According to a paper in Nature Communications, a team of Rice University researchers led by Luay Nakhleh has developed a platform for integrating DNA and RNA data from single-cell sequencing with greater speed and precision than more recent, state-of-the-art technologies. The method, mapping cross domain nucleic acid or MaCroDNA, relies on a classical algorithm to identify matching pairs of data from DNA ⎯ the genetic blueprint of a cell ⎯ and RNA ⎯ a cell’s instruction manual for protein assembly.
“Imagine you are given two large sets of photos of cars with the license plates and other identifying features blurred,” said Mohammadamin Edrisi, a Rice Ph.D. student in computer science and lead author on the study. “One set contains photos of the cars taken from the front, while the other set has photos of the back of the cars, and someone asks you to find the pairs of photos that belong to the same car. This is a metaphor for the problem we have tried to solve. The cars are cancer cells, and the two sets of photos are DNA and RNA data measurements.”
In fact, the scenario that MaCroDNA is designed to address is more complex than that.
“In a typical cancer single-cell sequencing experiment, the DNA and RNA data sets are obtained from different cells in the tumor sample,” said Nakhleh, the senior author on the study. “So the matching in such a scenario happens between cells that we know are not the same cells.
“To continue the analogy, think of each photo as being taken of the front or back of a different Toyota car, and we want to match pairs of photos that belong to a car of the same model — the front and back of a Toyota Camry, of a Toyota Corolla, etc. Different car models here are analogous to different clones within a heterogenous tumor, where each clone is expected to have very similar, yet not completely identical, DNA and RNA signatures across all cells within the clone.”
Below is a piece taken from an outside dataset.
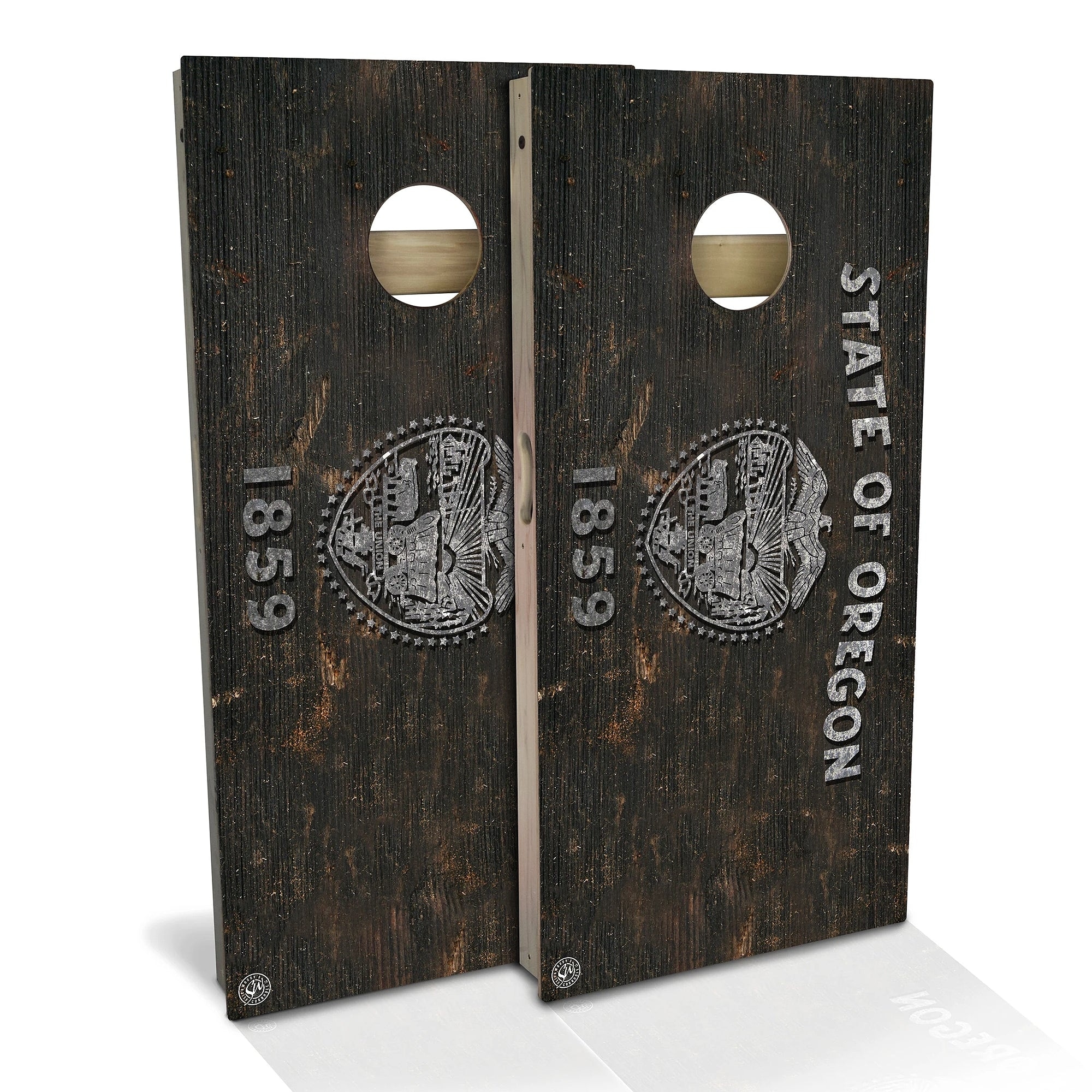 Oregon Flag Rustic Outdoor Cornhole Board Set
Single-cell sequencing has developed significantly over the past decade, driving discovery across various fields of biology. This sequencing technique is an effective tool for studying how changes at the level of the genetic code impact cells’ makeup or functioning, making it easier to track the types of transformations that turn a population of healthy cells into malignant tissue.
“Cancer cells demonstrate abnormal RNA patterns, and one of the reasons for that is DNA mutations,” Edrisi said.
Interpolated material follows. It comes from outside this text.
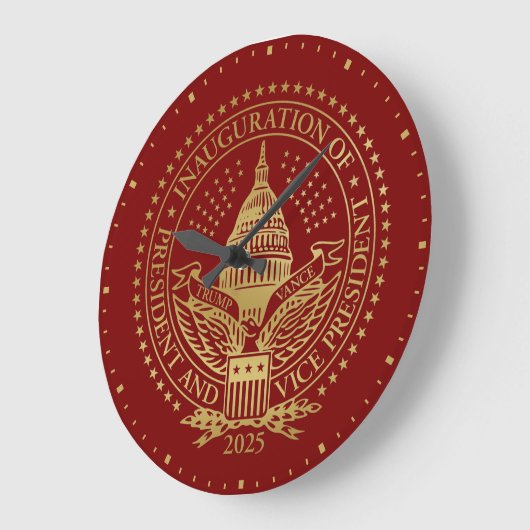 トランプ・ヴァンス2025年就任式の日 ラージ壁時計 (傾斜)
In their quest to identify the best tool for the task, the researchers tested a variety of methods against a real biological dataset with known matching DNA-RNA pairs.
“We tested the state-of-the-art method ⎯ named clonealign ⎯ and the other widely used methods using a real dataset with ground truth information for accuracy measurement,” Edrisi said. “Interestingly, using this dataset was one of the novelties in our work. Previous studies relied on simulated data for accuracy measurements, even though there is no scientific consensus as to how to go about simulating such data.”
Of the different machine learning technologies they tested, the researchers found that using a classical correlation coefficient and the maximum weighted bipartite matching algorithm yielded the most accurate results. In other words, MaCroDNA outperformed clonealign by a significant margin.
“The surprising part of our work was that using the classical correlation instead of clonealign’s complicated formula and incorporating it in an algorithm from the 1950s led to the best accuracy we have ever witnessed,” Edrisi said. “The lesson is that we should never judge an algorithm based on its complexity. Give it a shot, and make sure it is compared to the others in a fair setting.”
The method is available for use in cancer research on the role of DNA-RNA dynamics in the emergence of cancer.
Nakhleh is the William and Stephanie Sick Dean of Rice’s George R. Brown School of Engineering and a professor of computer science and biosciences.
The research was supported in part by the National Science Foundation (1812822, 2106837).